> **WORK ITEM**: Lines before the one containing "Unicorn with roses" are to be left out; that line and every line after it, through the last line below, are to be reproduced exactly.
============
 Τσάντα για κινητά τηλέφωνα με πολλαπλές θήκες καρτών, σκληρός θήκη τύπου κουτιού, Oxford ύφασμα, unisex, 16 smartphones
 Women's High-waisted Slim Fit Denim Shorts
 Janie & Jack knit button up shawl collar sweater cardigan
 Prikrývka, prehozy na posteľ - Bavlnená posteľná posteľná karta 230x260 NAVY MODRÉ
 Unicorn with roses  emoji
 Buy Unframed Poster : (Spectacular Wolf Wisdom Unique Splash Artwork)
============
> **THE COMPLETED TASK**:
 Unicorn with roses  emoji
 Buy Unframed Poster : (Spectacular Wolf Wisdom Unique Splash Artwork)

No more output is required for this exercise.